Sen. Sheldon Whitehouse (D-Rhode Island) says it’s time for the federal prison system to stop growing – and in fact it should follow the lead of states and consider treating nonviolent offenders with mental illness and substance use disorders instead of putting them in prison for long periods of time.
In an op-ed published in the Providence Journal earlier this month, Senator Whitehouse recounts the dramatic expansion of the federal prison system that began in the 1980s – about the same time that the war on drugs took off. During the 40-year period that ended in 1980, the federal prison population remained the same: about 24,000 inmates. By 2013, it was more than 215,000, at a cost of about $29,000 per inmate annually to the federal Bureau of Prisons. The annual tab is now more than $6.7 billion a year, 20 times what it was in 1980.

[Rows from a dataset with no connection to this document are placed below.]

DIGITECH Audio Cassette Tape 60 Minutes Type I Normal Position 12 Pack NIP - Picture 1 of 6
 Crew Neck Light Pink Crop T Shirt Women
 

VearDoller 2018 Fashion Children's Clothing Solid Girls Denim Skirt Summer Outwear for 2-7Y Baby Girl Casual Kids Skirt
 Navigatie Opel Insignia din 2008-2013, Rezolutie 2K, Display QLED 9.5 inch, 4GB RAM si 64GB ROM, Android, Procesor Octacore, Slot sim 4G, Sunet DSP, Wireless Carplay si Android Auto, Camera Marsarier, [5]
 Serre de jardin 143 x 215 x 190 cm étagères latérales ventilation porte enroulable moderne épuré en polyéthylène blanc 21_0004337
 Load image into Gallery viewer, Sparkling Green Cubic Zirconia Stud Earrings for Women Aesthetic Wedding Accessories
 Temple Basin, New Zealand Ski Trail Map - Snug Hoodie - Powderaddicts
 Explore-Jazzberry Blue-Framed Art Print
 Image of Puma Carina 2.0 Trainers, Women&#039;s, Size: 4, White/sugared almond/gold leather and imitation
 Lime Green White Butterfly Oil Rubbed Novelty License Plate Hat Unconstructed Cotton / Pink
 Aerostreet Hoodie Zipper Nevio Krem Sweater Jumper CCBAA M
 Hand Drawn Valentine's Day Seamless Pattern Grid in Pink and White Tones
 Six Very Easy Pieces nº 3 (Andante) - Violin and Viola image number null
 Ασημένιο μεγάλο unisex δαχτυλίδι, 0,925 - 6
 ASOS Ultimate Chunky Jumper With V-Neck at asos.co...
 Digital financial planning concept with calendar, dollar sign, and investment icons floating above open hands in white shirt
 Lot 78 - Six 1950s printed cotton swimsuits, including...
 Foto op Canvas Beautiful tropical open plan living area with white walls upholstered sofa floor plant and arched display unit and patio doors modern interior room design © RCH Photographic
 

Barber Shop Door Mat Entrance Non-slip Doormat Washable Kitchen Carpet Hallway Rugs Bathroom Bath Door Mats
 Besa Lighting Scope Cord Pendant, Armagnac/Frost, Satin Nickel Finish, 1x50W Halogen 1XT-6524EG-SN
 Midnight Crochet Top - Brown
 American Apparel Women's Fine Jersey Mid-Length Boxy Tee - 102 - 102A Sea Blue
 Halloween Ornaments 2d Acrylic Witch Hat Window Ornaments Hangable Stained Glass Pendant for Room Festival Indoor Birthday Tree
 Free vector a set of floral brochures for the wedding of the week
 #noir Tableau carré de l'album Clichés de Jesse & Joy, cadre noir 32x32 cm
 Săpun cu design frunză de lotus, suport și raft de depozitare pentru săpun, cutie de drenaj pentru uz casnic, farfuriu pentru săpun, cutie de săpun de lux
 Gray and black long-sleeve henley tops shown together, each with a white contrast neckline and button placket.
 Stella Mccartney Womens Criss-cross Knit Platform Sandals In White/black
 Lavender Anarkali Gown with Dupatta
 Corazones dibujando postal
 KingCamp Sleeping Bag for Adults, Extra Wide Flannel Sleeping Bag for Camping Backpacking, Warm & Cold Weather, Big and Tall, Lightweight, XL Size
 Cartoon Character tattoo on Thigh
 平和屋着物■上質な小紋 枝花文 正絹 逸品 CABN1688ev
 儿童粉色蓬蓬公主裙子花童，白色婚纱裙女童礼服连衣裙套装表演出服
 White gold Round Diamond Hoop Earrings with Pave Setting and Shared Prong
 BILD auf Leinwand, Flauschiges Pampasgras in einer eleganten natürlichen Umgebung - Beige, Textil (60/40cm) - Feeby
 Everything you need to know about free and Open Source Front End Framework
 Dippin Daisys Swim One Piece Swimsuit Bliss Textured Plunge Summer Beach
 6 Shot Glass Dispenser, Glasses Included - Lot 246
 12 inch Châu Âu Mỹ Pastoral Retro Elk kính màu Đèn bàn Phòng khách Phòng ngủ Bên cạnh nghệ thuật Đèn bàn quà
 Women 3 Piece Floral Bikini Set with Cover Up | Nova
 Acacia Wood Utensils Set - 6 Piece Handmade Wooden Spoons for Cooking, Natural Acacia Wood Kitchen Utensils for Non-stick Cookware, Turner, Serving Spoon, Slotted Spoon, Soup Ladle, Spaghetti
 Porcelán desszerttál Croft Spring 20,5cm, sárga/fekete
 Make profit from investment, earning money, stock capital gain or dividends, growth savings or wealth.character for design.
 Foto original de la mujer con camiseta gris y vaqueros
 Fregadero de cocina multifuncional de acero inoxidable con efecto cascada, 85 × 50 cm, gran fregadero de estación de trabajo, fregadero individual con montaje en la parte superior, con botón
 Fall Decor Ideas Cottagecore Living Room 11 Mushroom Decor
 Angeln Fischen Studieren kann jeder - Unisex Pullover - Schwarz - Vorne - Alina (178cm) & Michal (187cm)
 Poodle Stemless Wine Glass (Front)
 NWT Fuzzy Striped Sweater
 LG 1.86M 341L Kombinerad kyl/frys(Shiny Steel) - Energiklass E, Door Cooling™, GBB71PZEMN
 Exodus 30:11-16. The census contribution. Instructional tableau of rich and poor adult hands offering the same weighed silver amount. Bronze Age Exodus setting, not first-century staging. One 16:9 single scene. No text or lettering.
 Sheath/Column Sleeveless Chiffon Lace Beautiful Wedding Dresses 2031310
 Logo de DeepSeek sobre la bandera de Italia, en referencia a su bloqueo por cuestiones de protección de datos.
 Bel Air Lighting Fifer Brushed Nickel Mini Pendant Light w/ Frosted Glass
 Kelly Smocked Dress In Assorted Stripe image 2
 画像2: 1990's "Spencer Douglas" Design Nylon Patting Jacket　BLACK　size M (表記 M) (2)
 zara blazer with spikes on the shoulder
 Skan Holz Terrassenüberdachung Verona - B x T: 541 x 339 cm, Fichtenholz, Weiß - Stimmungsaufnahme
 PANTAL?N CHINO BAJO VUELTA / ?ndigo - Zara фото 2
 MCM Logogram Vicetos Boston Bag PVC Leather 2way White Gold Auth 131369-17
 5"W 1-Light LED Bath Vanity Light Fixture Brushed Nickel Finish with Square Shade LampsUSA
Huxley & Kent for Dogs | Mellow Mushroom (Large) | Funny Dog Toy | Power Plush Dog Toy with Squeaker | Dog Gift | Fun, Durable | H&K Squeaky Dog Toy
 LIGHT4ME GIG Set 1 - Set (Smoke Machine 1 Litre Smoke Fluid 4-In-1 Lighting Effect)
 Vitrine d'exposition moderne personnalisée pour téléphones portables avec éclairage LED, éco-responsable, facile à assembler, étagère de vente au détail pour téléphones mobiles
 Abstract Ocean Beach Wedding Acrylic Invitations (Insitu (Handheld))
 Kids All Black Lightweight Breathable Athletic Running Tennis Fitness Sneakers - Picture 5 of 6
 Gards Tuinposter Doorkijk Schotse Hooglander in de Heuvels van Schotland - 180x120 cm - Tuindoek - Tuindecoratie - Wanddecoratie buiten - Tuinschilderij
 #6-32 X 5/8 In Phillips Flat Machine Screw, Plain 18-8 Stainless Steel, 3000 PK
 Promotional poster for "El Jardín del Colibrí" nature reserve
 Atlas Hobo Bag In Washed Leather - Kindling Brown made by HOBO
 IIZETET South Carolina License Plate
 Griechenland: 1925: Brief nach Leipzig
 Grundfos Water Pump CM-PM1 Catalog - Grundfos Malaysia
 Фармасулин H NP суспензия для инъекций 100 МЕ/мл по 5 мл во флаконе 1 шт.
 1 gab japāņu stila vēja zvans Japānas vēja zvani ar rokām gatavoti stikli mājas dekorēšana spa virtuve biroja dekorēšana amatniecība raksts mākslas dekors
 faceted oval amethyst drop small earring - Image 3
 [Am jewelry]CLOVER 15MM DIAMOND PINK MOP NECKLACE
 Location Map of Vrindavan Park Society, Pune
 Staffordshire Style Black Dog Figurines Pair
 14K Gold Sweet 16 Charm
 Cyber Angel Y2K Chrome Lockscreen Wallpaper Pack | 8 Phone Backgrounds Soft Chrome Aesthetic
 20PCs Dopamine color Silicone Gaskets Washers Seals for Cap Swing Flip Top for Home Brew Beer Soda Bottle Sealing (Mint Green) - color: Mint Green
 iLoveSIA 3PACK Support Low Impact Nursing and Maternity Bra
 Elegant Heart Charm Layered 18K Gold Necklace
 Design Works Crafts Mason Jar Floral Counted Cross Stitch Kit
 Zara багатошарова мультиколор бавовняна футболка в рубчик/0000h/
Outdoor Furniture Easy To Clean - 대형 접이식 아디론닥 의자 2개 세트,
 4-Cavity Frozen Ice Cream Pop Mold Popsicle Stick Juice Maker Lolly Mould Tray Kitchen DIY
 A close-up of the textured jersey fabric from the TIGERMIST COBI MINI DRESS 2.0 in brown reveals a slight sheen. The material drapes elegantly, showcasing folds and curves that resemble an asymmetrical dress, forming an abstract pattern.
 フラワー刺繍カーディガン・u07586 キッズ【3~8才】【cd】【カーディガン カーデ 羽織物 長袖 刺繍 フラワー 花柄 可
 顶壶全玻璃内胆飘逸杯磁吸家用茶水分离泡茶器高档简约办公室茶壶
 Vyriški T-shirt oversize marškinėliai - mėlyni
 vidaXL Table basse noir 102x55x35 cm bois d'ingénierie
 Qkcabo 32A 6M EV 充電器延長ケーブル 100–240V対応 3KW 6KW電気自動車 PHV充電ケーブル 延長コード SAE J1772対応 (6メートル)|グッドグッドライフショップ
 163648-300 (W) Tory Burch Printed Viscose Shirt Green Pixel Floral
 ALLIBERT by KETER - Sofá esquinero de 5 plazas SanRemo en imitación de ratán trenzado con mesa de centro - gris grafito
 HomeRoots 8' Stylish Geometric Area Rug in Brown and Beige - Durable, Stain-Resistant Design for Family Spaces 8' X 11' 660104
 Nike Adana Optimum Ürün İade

Other law enforcement priorities within the federal Department of Justice are being squandered by spending on prisons, which is actually more than $8 billion when you add in the cost of U.S. Marshals, said Senator Whitehouse. In 1980, 16 percent of the Justice Department budget was for federal prisons and detention – compared to 30 percent today.
And Senator Whitehouse questions whether these prison dollars even improve public safety. States are already moving to reinvest this kind of money, looking at sentencing policies to see whether they make sense. For example, does it make sense to impose long prisons sentences on nonviolent offenders, or can certain populations – notably those with mental illness or substance use disorders – be treated better by other systems? In Rhode Island, for example, inmates can obtain earlier release by completing drug treatment programs and vocational training, which reduce the risk of recidivism.
The example of Hawaii’s innovative HOPE program has also shown that penalties for minor parole violations should be swift, predictable, and short.
Similar reforms in Rhode Island led to a 9 percent drop in the state prison population, and a 7 percent decline in the crime rate.
Texas also has followed this path, saving $443 million in the two years following its 2007 reforms and closing – for the first time in the tough-on-crime state’s history – a prison. The crime rate dropped. Similar successes have taken place in Kentucky, Ohio, Arizona, and other states.
Sen. Whitehouse calls on the U.S. Congress to do the same thing, and with Sen. Rob Portman (R-Ohio) has introduced a bill that would implement similar reforms in the federal prison system. “If states as diverse as Rhode Island, Texas, Ohio and Kentucky can rein in corrections spending while better protecting the public, surely we in Congress can do the same,” he concludes.